Mendoza city was destroyed by an earthquake in 1861. The city was later rebuilt with large walkways and parks, so that if an earthquake occurred again there would be room for the buildings to fall. It is a really beautiful city, but our first impressions were a little different. We had caught an overnight bus from Santiago to Mendoza. The bus was scheduled to depart at midnight and arrive at 8am. We didn’t get to sleep until about 1am,then we had to stop at the border crossing at 3am to cross into Argentina. By 4am we were back on the bus and sleeping again. However, at 6am we arrived at the bus terminal. We were 2 hours early. Having only 4 hours sleep, we were all on edge and not very good company.
We decided to walk to the hostel, as it was only a few blocks away and see if we could drop off our bags there. We followed the directions down Alem street in the dark. The area looked quite rough and we were getting a bit nervous walking along. We were to walk 7 blocks down Alem street, but the road stopped at 5 blocks. After investigation we found there were two Alem streets that left from the bus terminal and we had taken the wrong one… in completely the wrong direction. So now we had to walk back to the bus station and then a further 7 blocks. Needless to say, it was a tense time. We did manage to find the hostel after an hour of walking and the sun had finally risen. The hostel allowed us to store our bags there and we slept on the hostel couches for a few hours.
Whilst in Mendoza we went on a white water rafting trip. It started early, with pick up scheduled for 9am. However, at 8.30am the driver came busting through the doors demanding in Spanish that we hurry up. The hostel receptionist was trying to translate politely what the man was yelling, but it was obviously he wasn’t using the pleasantries that the receptionist was telling us. We drove for an hour and a half to reach the river. It hadn’t rained in a while, so the river was quite low. The rapids were grade 2 and 3. We all got wetsuits and helmets to wear for the trip. Most of the wetsuits had large holes in them and the helmets were all cracked. It looked like whoever wore the wetsuits last came to a violent end. But we obediently put them on and headed for the river.

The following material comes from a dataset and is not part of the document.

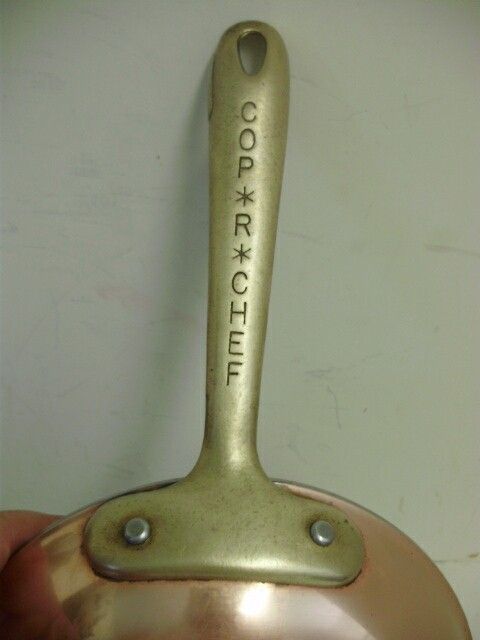   Vtg ALL CLAD COP *R* CHEF 7.5 SAUTE PAN SKILLET BRASS & COPPER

There were three boats and we went with the English guide. We didn’t realise at the time that this guide was an adrenaline junkie. We had only just pushed off from the bank and he had us going backwards down the river. He didn’t even seem to be watching for the rocks jutting out all down the river. One of the first moves we learnt was to jump in the middle of the boat and hold on. This seemed to be some kind of emergency procedure. However, the guide soon started yelling “get down” each time we went over a very high rock. There was a path down the river that looked quite peaceful, but instead we went down the roughest looking route. As we got down in the boat, this seemed to make us sit at the bottom of the waterfall and got us all very, very wet. We later found out this is called “surfing the standing wave”. Our guide was ensuring that we all got drenched in the five degree celcius water. In one case the guy sitting in front of me toppled out and fell in the water. He looked less than impressed with the tour guides cowboy antics. What made it worse is that he didn’t speak much English, as he was French and there was no French boat. The guide did manage to get him back in the boat and we continued to go sideways, backwards and do twirls as we went down the remaining rapids. I’m sure we were about to try for a back flip, but we came to the end of the trip before we could try one.

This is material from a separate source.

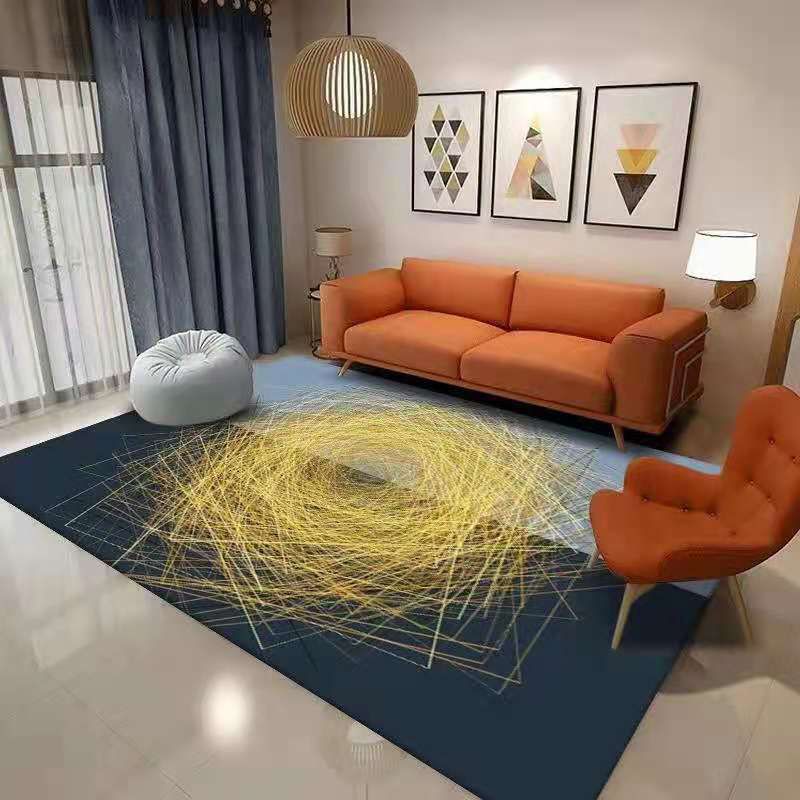 Black Modern Rug Polyester Wave Point Rug Non-Slip Backing Rug for Living Room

Mendoza is primarily famous for being a wine region. We stayed in Maipu, an ajacent city where all the wineries are based. We hired bikes from Mr Hugo’s Bikes (and met the actual Mr Hugo). Ben and I got a tandem bike. At first it was difficult to ride, but the more wineries we visited, the easier it got. We started at an olive and chocolate factory. We went on the “tour” which lasted 5 minutes and involved looking at one olive tree with two olives on it and a machine that wasn’t in use that they use to crush the olives to make olive oil. The tour was obviously riveting and soon enough we were on to the tasting room. We tried olives, olive oil, chutneys, spreads, jams and chocolate. The last tasting was liquour. They had all sorts of crazy flavours like pepper (black and white peppers) and tobacco. We then ventured on to another three wineries to taste their wines and have some snacks. We finished with a beer garden, with home-brewed beer and empanadas (delicious little meat pastries). By this stage we were expert tandem bikers. We got a lot of stares as we weaved down the roads with big grins on our faces.
The next day we had to catch a bus back to Santiago. We left at midday this time and were due to arrive at 7pm. We were looking foward to the trip, as we heard the scenery is very nice and we didn’t see anything on the previous trip as it was nighttime. We boarded the bus and were all ready to go, but for some reason we sat there until 1pm. We finally got going and while driving through the Andes we had great views of the surrounding mountains. Then we stopped at the border. We were behind about seven buses, “shouldn’t take long” we foolishly said to each other. Six hours later, it was dark, the drivers were fast asleep and we were moving nowhere fast. The buses in front slowly moved forward, about one an hour. Finally we were at the front and it only took 15 or so minutes to process us. We eventually made it to Santiago at 2am in the morning.